The next two predictive models considered include logistic regression and KNN classifier. The logistic regression model offers only moderate performance across all metrics. While the model is interpret able and works well, it under performs compared to the random forest and SVM models. The logistic regression model has potential for improvement given certain adjustments. KNN has the highest error rate and the lowest precision score, making it the weakest predictor. This is not surprising. Given class imbalance of response variable, $Exited, KNN classifier will perform worse in relation to the underlying test data than will models such as SVM or random forest because the model is prone to being influenced by outliers. Further adjustments would improve model performance.

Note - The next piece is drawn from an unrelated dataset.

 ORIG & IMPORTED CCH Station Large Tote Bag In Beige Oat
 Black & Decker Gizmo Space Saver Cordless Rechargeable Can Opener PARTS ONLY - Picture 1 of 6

Models = c("KNN k=5","Logistic Reg", "Random Forest", "SVM")
Error.Rate = c("0.2402291","0.1879374","0.137954","0.203932")
Precision = c(0.1751412,0.210784314,0.2295082,0.7704918)
Precision = round(Precision, 3) 
text_tbl = data.frame(Models, Error.Rate, Precision)

kable(text_tbl) %>%
  kable_styling(bootstrap_options = "striped", full_width = F) 

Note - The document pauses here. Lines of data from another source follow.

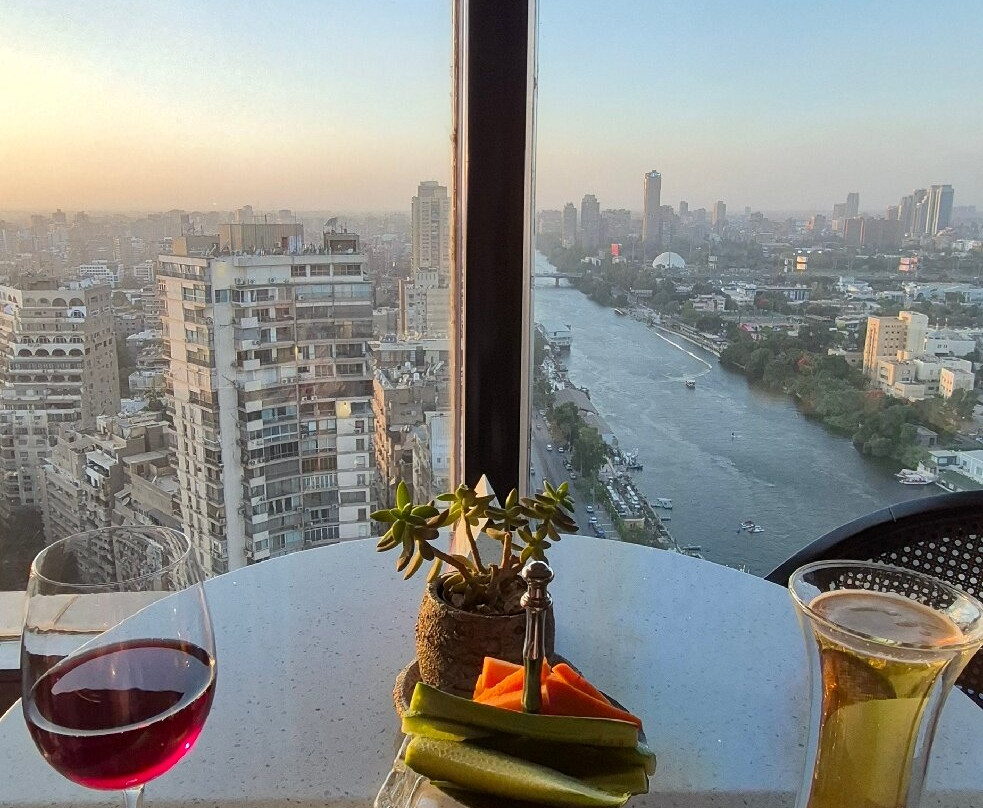 开罗喜来登酒店主图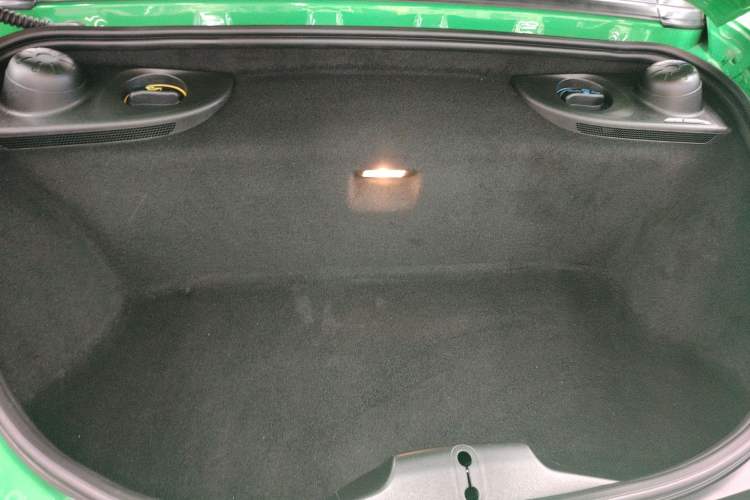 Used Porsche 718 2022 Boxster 2.0T Trunk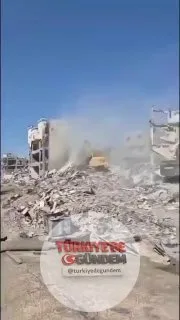 Filistin hükümeti: - “İsrailli bir askerin hesabından paylaştığı yeni görüntüler.” - “Ateşkesin ardından bile, Gazze'den geriye kalanlar hâlâ yok ediliyor. Dünyanın bunu görmesi gerek.”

Models	Error.Rate	Precision
KNN k=5	0.2402291	0.175
Logistic Reg	0.1879374	0.211
Random Forest	0.137954	0.230
SVM	0.203932	0.770

- Do you think you can improve the model by adding any other information?

The SVM model can be improved by adding a “cost” penalty parameter to reduce the acceptable margin between support vectors and the hyperplane decision boundary. This would lower test error for the SVM predictive model. The logistic model could benefit by dimension reduction and shrinkage techniques to eliminate the potential that the model is currently overfitted to the underlying train data. While this would introduce an element of bias into the model, interpret ability of the model and test error in comparison to underlying test data would improve. The KNN model (and logistic regression model) could benefit from SMOTe, weighted classes, or other techniques focused on ensuring minority $Exited class variables are represented in the training and testing data set. This would further decrease test error for both models. Finally, the random forest model could benefit from boosting. This would enable a lower test error by ensuring that each subsequent model in the “forest” is trained to mitigate error expressed in the previous model’s outcomes. NN model was not considered in this assignment, but such a model has the potential to accurately predict test error if properly trained using multiple hidden layers and non-linear activation functions to simulate real-world scenarios and probability to a great extent.

2. (10 points) What are your learning outcomes for this assignment? Please focus on your learning outcomes in terms of predictive analytics, model interpretations, and R skills.

Upon conclusion of this assignment, I have come to the realization that a predictive model functions only as good as the underlying assumptions and data. This requires knowledge of steps involved in inspecting the underlying data set, cleaning the data set, and performing EDA to develop an initial understanding of the data (once cleansed) and the predictive models that are best suited to accurately predicting outcomes. Upon completion of this preliminary stage, I was able to further develop my understanding of logistic regression, KNN classifier, SVM, and tree based decision (particularly random forest) models. Using the Bank Customer churn Rate data set for all 4 models allowed me to better understand the similarities and differences among the 4 models, both in constructing and in evaluating results. By conducting this project in RStudio, I was able to gain hands on experience using a versatile programming language to apply statistical concepts in creating 4 models. By doing so, I gained a deeper knowledge of how to code using a variety of new packages, such as e1071. I look forward to applying lessons learned in this project to future professional and academic efforts.